Ya, The Final Chapter memang tidak memberikanmu kejutan berarti, padahal dengan embel-embel “babak terakhir”, sutradara Paul W. S. Anderson seharusnya bisa memberikan penghormatan, setidaknya yang terakhir buat para fans video game-nya yang sudah kecewa berat dari seri pertamanya. Tetapi seperti Anderson tidak peduli soal itu, ia terlalu malas untuk melakukannya, atau tidak punya kemampuan melakukannya, bahkan ia mungkin sebenarnya membenci franchise ini.

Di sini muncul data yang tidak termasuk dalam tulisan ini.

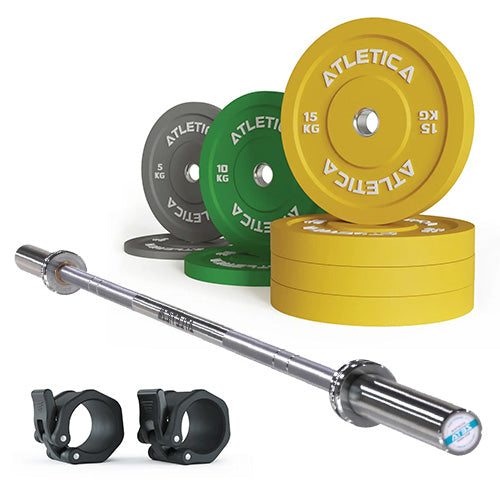 Atletica Langhantel Set: Zeta Hantelstange, 90kg Color Bumper Plates und Kautschuk Verschlüsse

Bagi penonton yang sudah terlanjur terjebak dengan seri-seri Resident Evil mungkin akan kompak mengatakan bahwa ini adalah sebuah tontonan aksi horor medioker atau mungkin buruk. Harapan agar setiap serinya bisa lebih baik dan lebih setia ke sumber aslinya membuat secara tidak langsung kita tersandera dengan installment terbarunya, apalagi The Final Chapter memberi kesan ini adalah babak akhir dari perjalanan Alice yang panjang.
Toh, Resident Evil versi film tetaplah Resident Evil yang kita kenal, bahkan saya ragu jika The Final Chapter benar-benar menjadi sebuah penutup, semua tergantung dengan banyaknya Dolar yang akan diterima Screen Gems nantinya.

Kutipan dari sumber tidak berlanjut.